Words Worth Noting - September 27, 2022

“[T]he absorption of the man and the exclusion of other matters show not how dull the subject is, but how fascinating it is. Because a man refuses to come out of Eden, they assume that he is being detained in gaol.”

G.K. Chesterton on absorption in apparently trivial hobbies, in “A Defence of Bores,” in Alberto Manguel, ed., On Lying in Bed and Other Essays by G.K. Chesterton

Words Worth Noting - September 25, 2022

“The intolerant myth may come from the fact that ‘tolerance’ is a vague term that is largely undefined. It does tend to elicit an emotional response. Tolerance is a good thing and is meant to serve justice. So if someone disagrees with me on an essential matter of the faith, I have to be very tolerant of the person, accepting and open to them, but that does not mean I should accept their ideas in a kind of moral relativism.”

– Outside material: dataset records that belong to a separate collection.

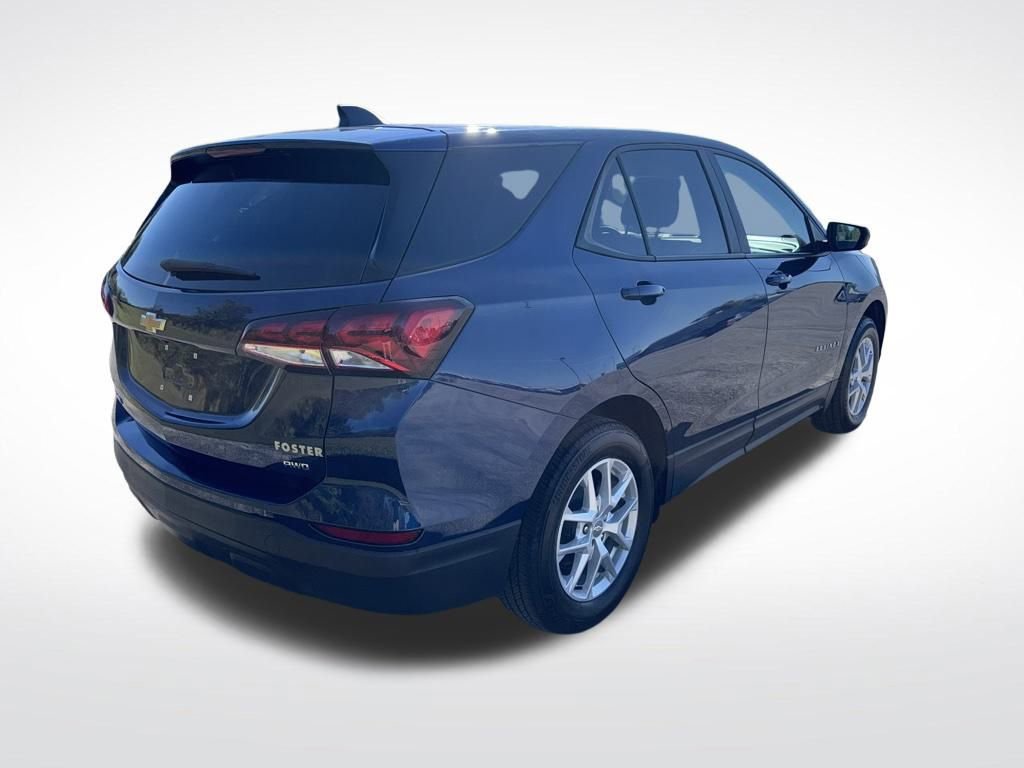 Used 2022 Chevrolet Equinox LS w/ LS Convenience Package image 6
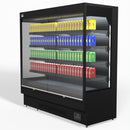 AG 1940mm Supermarket Open Multi Deck Showcase Fridge OMS2000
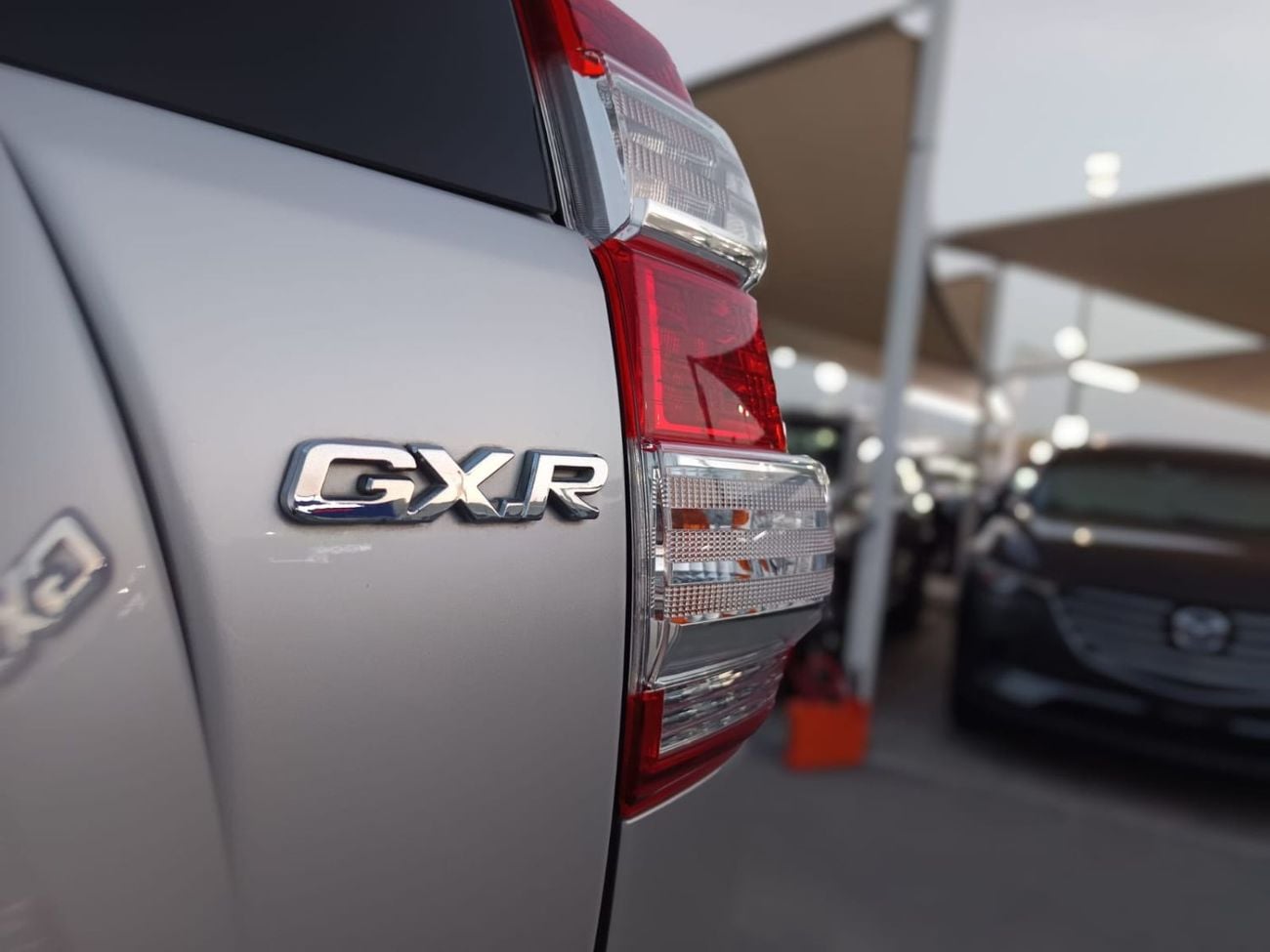 Toyota Prado Toyota prado GXR 4.0L 4WD best price... 2016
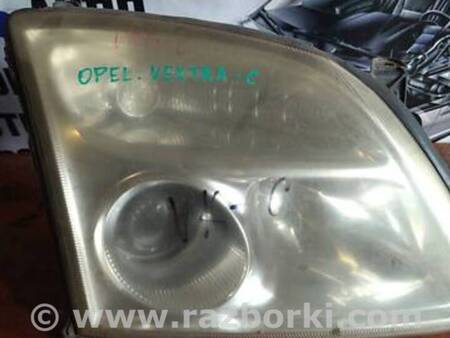 ФОТО Фари для Opel Vectra C (2002-2008) Львов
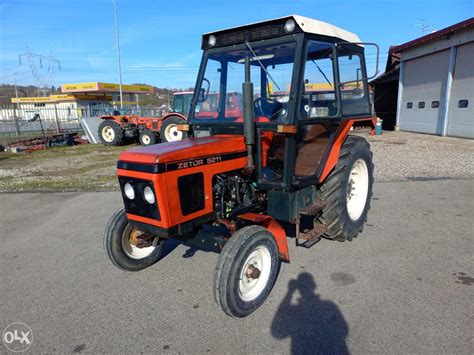 Traktor Zetor 5211 Traktori Olxba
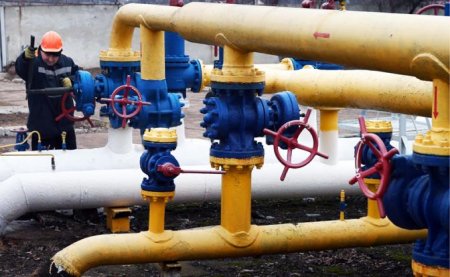 Москва-Киев: новая газовая война посреди морозов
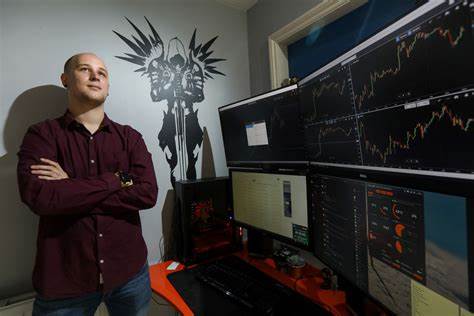This Trader Made 295% on Cryptocurrency Derivatives - Bloomberg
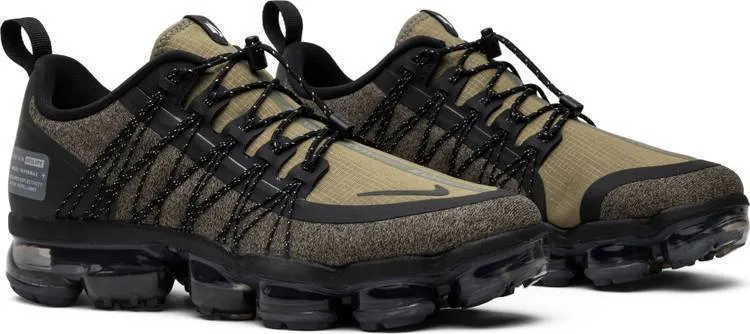 Griffey Sneakers Nike Air Vapormax Run Utility Medium Olive Shoes Sneakers Men Sale Size US 7-11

“Rev. Eric Nicolai, with the communications office of Opus Dei in Montreal” asked in an e-mail conversation about the organization’s sinister image, in Ottawa Citizen October 7, 2002

Words Worth Noting - September 22, 2022

“There is no law of geography which dictates that it would be impossible for all the inhabitable areas of the earth to lie in latitudes, and be subject to physical conditions, of the type that produced the Asian empires…. Indeed, how can any ‘rigorous’ theory account for Britain’s being an island, a fact that has certainly contributed most importantly to the world’s social and political development. Its insulation was the merest accident on any rational time scale, dating from some ten thousand years ago, a geological instant.”

Robert Conquest in Reflections on a Ravaged Century, critiquing the narrowness of Marx’s development theory.